NIO (NYSE: NIO)'s first mobile phone model completed radio clearance in China, paving the way for its launch later this year.
The electric vehicle (EV) maker's mobile device, model number N2301, received radio approval on June 19, according to a disclosure on the website of China's Ministry of Industry and Information Technology.
The device will support 2G, 3G, 4G and 5G network standards, and will also support UWB (Ultra Wide Band), a key feature when using a phone as a car key.
The disclosure focuses on the radio specifications for the NIO mobile device, covering frequencies, transmit power, and obtaining the approval is a key process to enable it to be sold in China.

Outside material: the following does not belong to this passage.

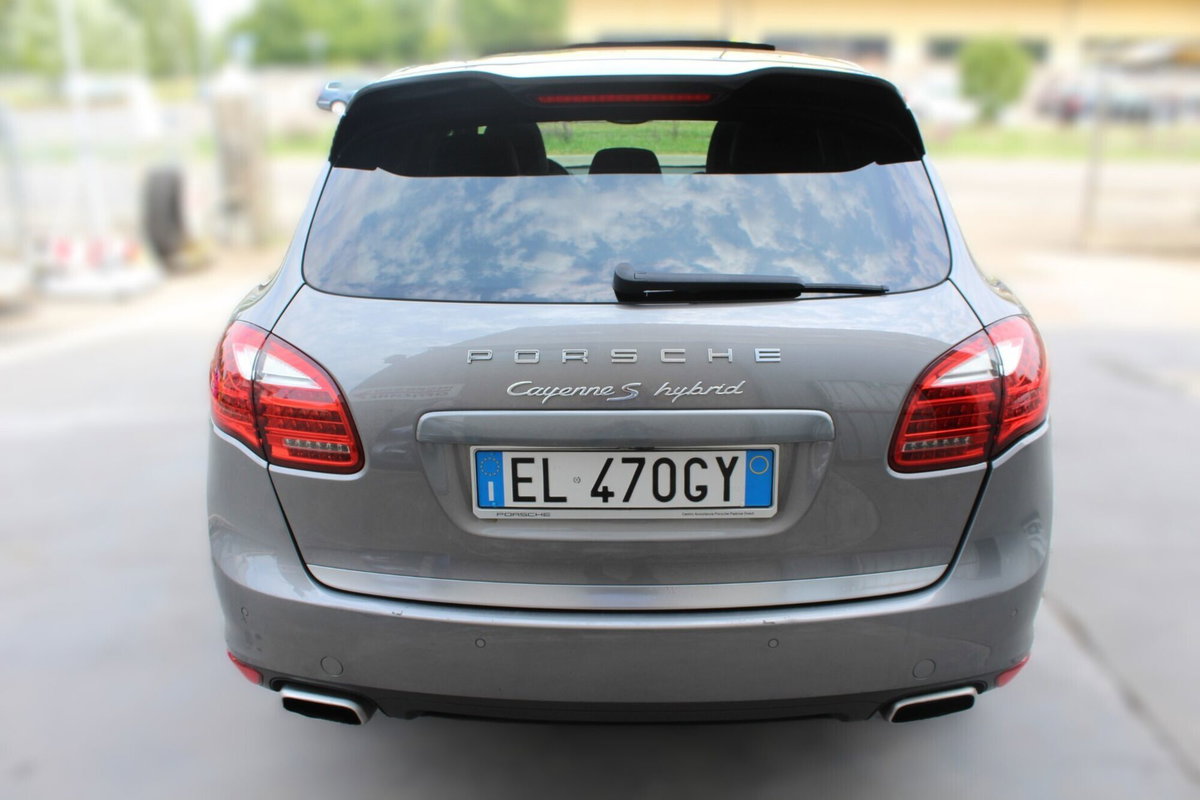 Porsche Cayenne 3.0 S Hybrid (8)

In late March 2022, William Li, NIO's founder, chairman and CEO, confirmed that the company would venture into phone making.

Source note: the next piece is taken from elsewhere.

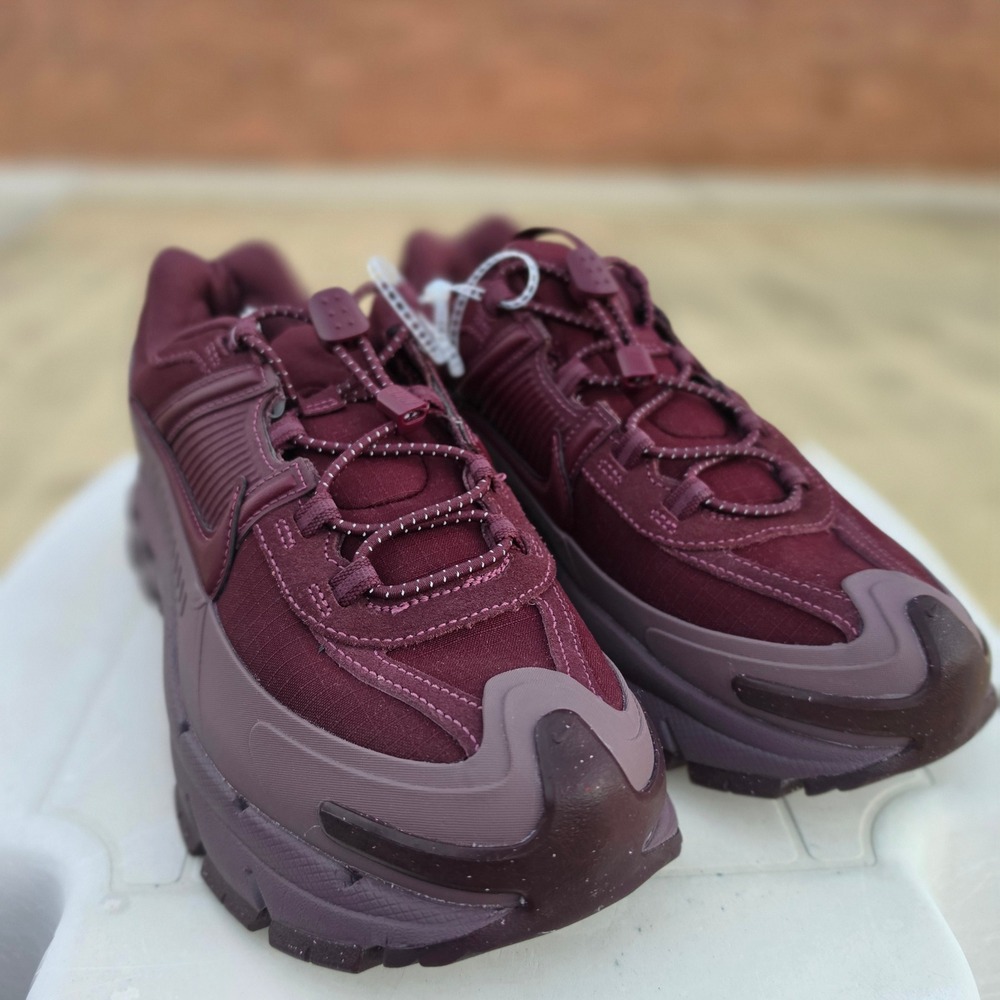 NWOT Nike Wmns Zoom Vomero Roam Burgundy Team Red Sneakers Women 9.5 HQ2181 500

A key driver of NIO's decision was that, in the rise of smart cars in China, owners' experiences are increasingly dependent on a direct and seamless connection between their phones and vehicles.
In March last year, Li told a group of car owners that Apple was closed to the automotive industry, for example, NIO's second-generation platform models come standard with UWB, but Apple does not open up the interface.
NIO has to study smartphones and car-centric smart devices from the user's interest and experience, he said at the time.
On April 1, Li said during a Chinese EV industry forum that NIO's first phone model would be launched and start deliveries in the third quarter.
NIO unveiled the new ES8 at its NIO Day 2022 event on December 24, 2022, and an introductory image of the model shows two cell phones in the second-row center armrest.
The wireless charging pad can wirelessly fast charge two phones simultaneously at 40 W, according to the text on the image.
In an internal speech at NIO last November 15, Li said the launch of the phone was a decision based on 5-10 years of long-term strategic thinking, according to local media outlet LatePost at the time.